Unlike Hive, Shark allows users to exploit this temporal locality by caching their working set of data, or in database terms, to create in-memory materialized views. Common data types can be cached in a columnar format (as Java primitives arrays), which is very efficient for storage and garbage collection, yet provides maximum performance (orders of magnitude faster than reading data from disk). To create a cached table in Spark, simply make a new table ending in "_cached". Below is an example:

CREATE TABLE logs_last_month_cached AS
SELECT * FROM logs WHERE time > date(...);

Once this table has been created, we can query it like any other Hive table.

SELECT page, count(*) c FROM logs_last_month_cached
GROUP BY page ORDER BY c DESC LIMIT 10;

Cached tables are ephemeral - they will fall out of cache once a user's session is terminated. To create long-lived cached tables, use the SharkServer described below.

In addition to caching, Shark employs a number of optimization techniques such as limit push downs and hash-based shuffle, which can provide significant speedups in query processing.

Executing Queries

Shark CLI

The easiest way to run Shark is to start a Shark Command Line Client (CLI) and being executing queries. The Shark CLI connects directly to the Hive Metastore, so it is compatible with existing Hive deployments. Shark executables are available in the bin/ directory. To start the Shark CLI, simply run:

$ ./bin/shark
shark> 

The Shark CLI will only work correctly if the HIVE_HOME environment variable is set (see Configuration).

SharkServer

It is also possible to run a persistent SharkServer which retains session state, such as cached tables, across executions of the Shark CLI. This can be very useful for those hoping to keep a few tables in cache for long periods of time.

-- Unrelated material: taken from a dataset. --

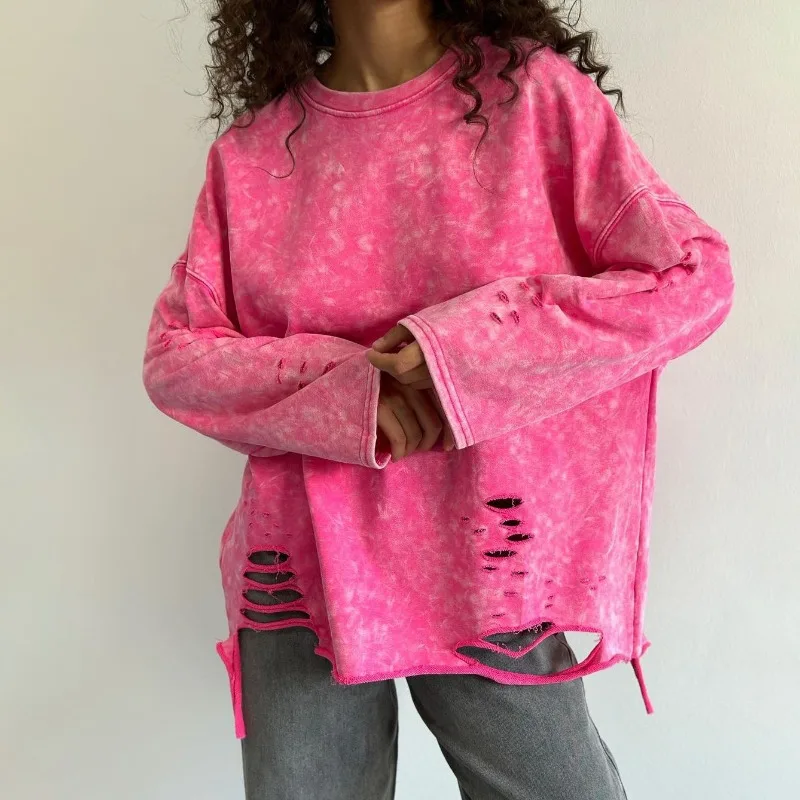 

High Street Distressed and Ripped Sweatshirt Design Street Style and Niche Snow Flake Fried Long Sleeve Loose Pullover for Women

To start a SharkServer, run

$./bin/shark --service sharkserver <port>

A client can connect to the server using

$./bin/shark -h <server-host> -p <server-port>

Configuration Options

Shark has two types of configuration options. The first are options that related to a given Shark session. These can be set either in the CLI itself (using set key=val command) or in your existing Hive XML configuration file.

shark.exec.mode     # 'hive' or 'spark', whether to use Hive or Shark based execution
shark.explain.mode  # 'hive' or 'shark', whether to use Hive or Shark based explain
shark.cache.flag.checkTableName # 'true' or 'false', whether to cache tables ending in "_cached"

Advanced users can find the full list of configuration options in src/main/scala/shark/SharkConfVars.scala/

The second type of configuration varialbes are environment vars that must be set for the Shark driver and slaves to run correctly. These are specified in conf/shark-env.sh. A few of the more important ones are described here:

HIVE_HOME     # Path to directory containing patched Hive jars
HIVE_CONF_DIR # Optional, a different path containing Hive configuration files 
SPARK_MEM     # How many much memory to allocate for slaves (e.g '1500m', '5g')